"To hell with your perfectionism": how to cope with toxic perfection

Anonim

Blogger, writer and author of the "fine art of pofigism" Mark Manson found the only useful way to strive for the ideal.

Translation of the "ideonization" edition.

I have a friend who proudly declares that he is a perfectionist. He is proud of it. If something in his immediate surroundings looks "wrong", it is almost reflexively trying to fix it. It makes incredibly high standards regarding what he considers acceptable to others and for itself in particular. Thanks to this, he achieves success. But because of this, it faces problems.

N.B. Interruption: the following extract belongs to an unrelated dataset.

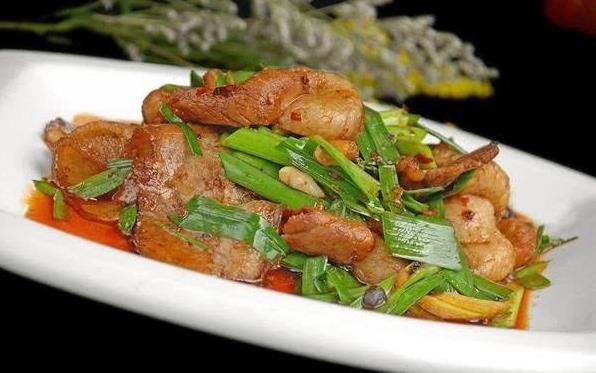 四川風(fēng)味小吃蒜苗回鍋肉，你吃過了嗎？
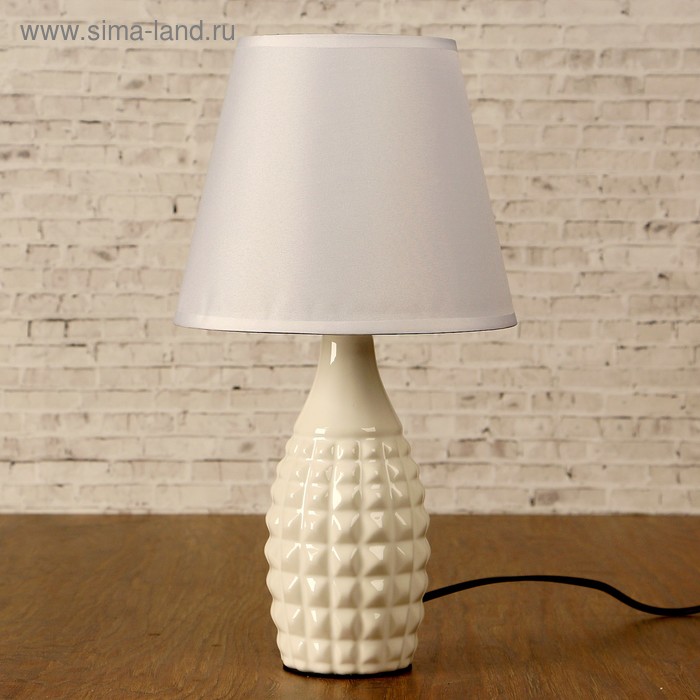 Лампа настольная с абажуром "Грани" белая 220V 40 Вт E14 - Фото 1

He knows that harsh towards himself, but, according to him, this is just because he wants to become better. And when he is cruel with others, he says what it does from love. He wants people who are not indifferent to him, were successful in life.

But in all this there is one snag: for a person who constantly talks about the need to adhere to high standards and strive for perfection, Bla, Bla, Bla, he actually achieved too much.

He is working on projects for months, without showing them to anyone, because they are still "not finished", that is, imperfect. As a result, he refuses almost from each of them, since at a certain point he sees that one or another project will never be as kind of him mentally represented.

He scolds himself for weeks, months and even for years or for the fact that he did not bring to the end, or for being so stupid to start a "unprotective" project. The years of his life passed in a constant flow of intentions, plans and development, but without a single result.

This is what Perfectionism has led.

Paradox Perfectionism

Understand correctly, I do not encourage you to "reduce the bar." In fact, I think the perfectionism has its place in both professional and personal life (more about this later).

But it's funny that perfectionists always fear people who indicate their irrational behavior. This is mainly due to because they consider all the others worth anything, and if so, why follow their advice? This is a side effect of their transcendental standards: no one is worthy of listening to him. Thus, the perfectionist is struggling alone.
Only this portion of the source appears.